Territoires

Bureaux: un millésime 2016 d’anthologie


Lille. Année faste pour l'immobilier de bureaux de la métropole lilloise : dopé par un marché du neuf très actif, le marché du bureau a battu tous ses records en 2016.


 

 

Le marché du bureau de la métropole lilloise vient d’effacer son précédent record historique, qui datait de 2007, avant la grande crise née des subprimes outre-Atlantique. Les acteurs de l’immobilier nordiste ont réalisé 225 246 m2 de transactions – incluant les comptes propres-, bien au-delà de cette année référence (207 090 m2). Le chiffre dépasse d’ailleurs de 40% la moyenne des cinq années précédentes.

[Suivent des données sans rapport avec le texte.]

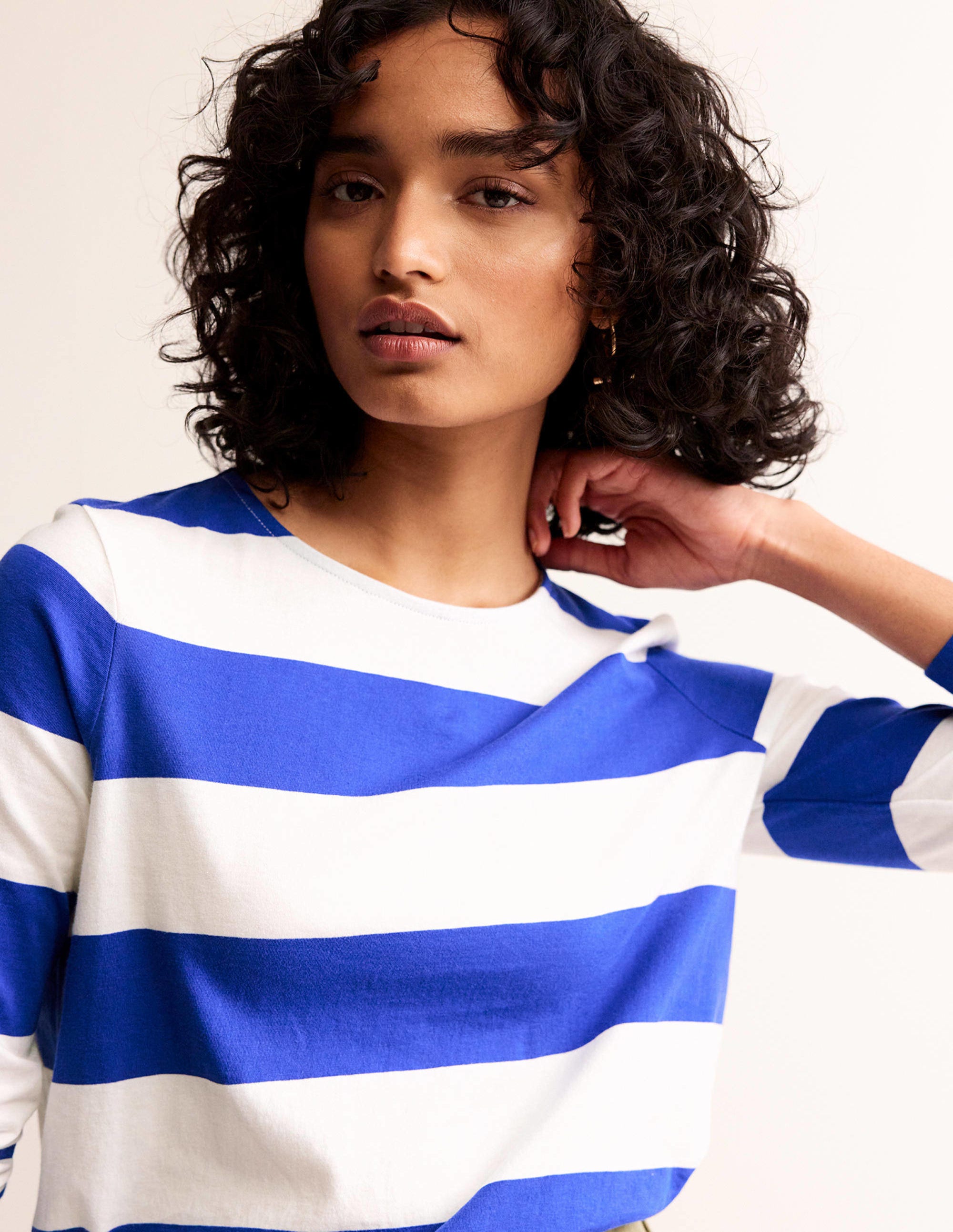 Marinière Bea à manches longues-Blau, Naturweiß Breite Streifen - Image 2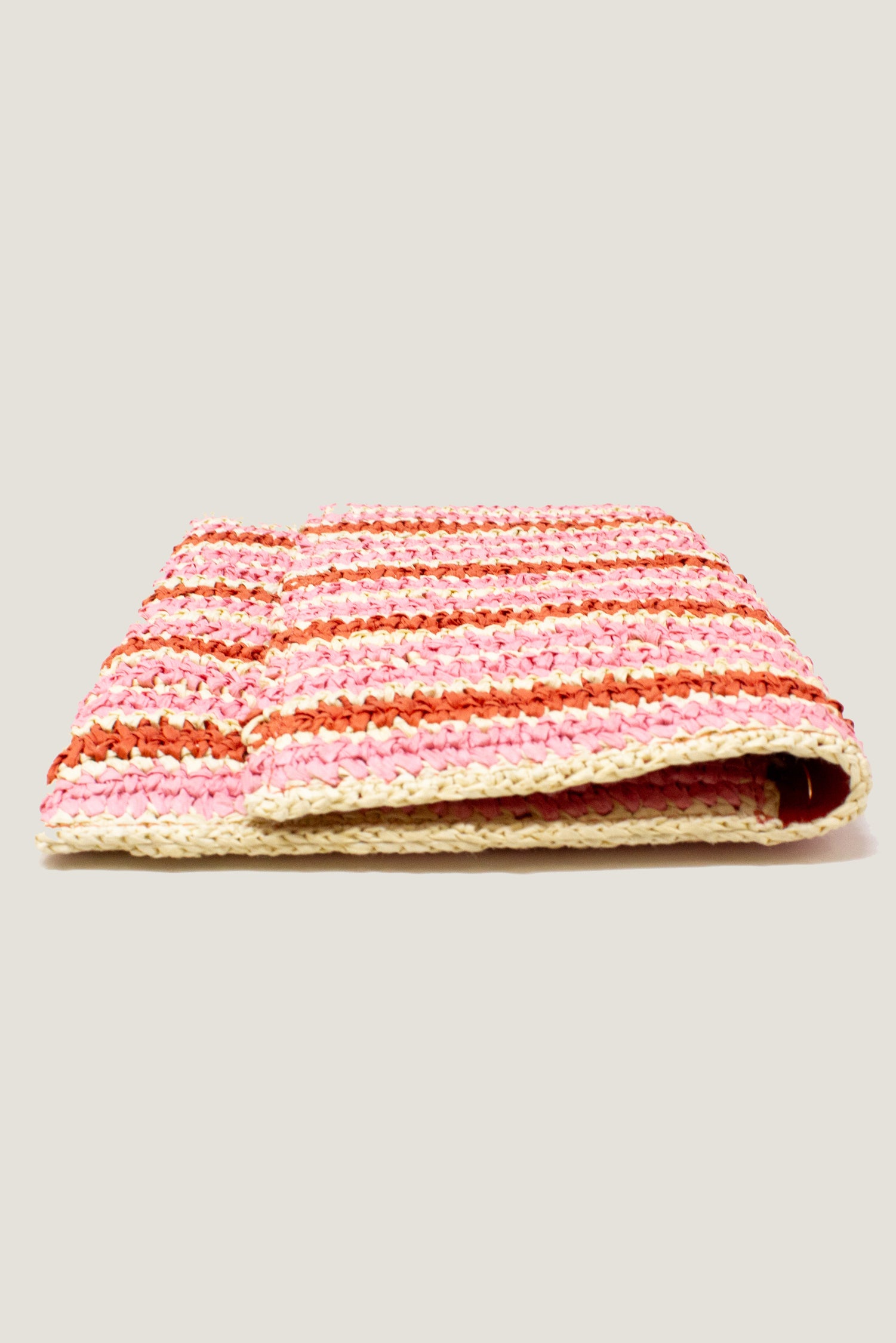 Amalfi Raffia Stripe Clutch Handbag for Women - Red, Pink & Natural Colors | Perfect for Beach Vacations, Summer Parties & Casual Outings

Dans le détail, les transactions commerciales ont porté à plus de 80 000 m2 sur des surfaces neuves, et à 108 000 m2 pour de la seconde main. On notera que le nombre de transactions est très élevé, avec 406 opérations au compteur, pour une moyenne annuelle de 327 entre 2011 et 2015. Dans le lot, le nombre de transactions de superficies importantes (plus de 1000 m2) a été lui aussi élevé, à 40 opérations (25% de plus que les 5 dernières années).

 

Le numérique en plein boom

 

Pourquoi cette santé florissante quand l’économie de la France patinait l’an dernier avec une croissance famélique de 1,1 %? La demande est très active, et le marché lillois est capable d’y répondre à travers une offre adaptée aux utilisateurs. Le succès de la frenchtech lilloise a sa traduction immobilière. L’informatique est le premier secteur consommateur de surfaces (19,3%); devant la distribution, toujours active (11,4%) et la finance (8,7%). On note en revanche – et cela confirme le repli de voilure des collectivités et de l’État – que la sphère publique qui était un gros consommateur de bureau, est tombée sous les 5% du marché l’an dernier.

Sur le plan géographique, Villeneuve d’Ascq est le grand gagnant de l’exercice 2016, puisque la ville universitaire a trusté 32% des transactions. A l’inverse, Euralille qui a connu de grandes années, est retombé à 5% du marché, faute de produits disponibles. Le marché lillois hors Euralille a encore bien performé, entre les bons résultats du parc Eurasanté et ceux d’Euratechnologies.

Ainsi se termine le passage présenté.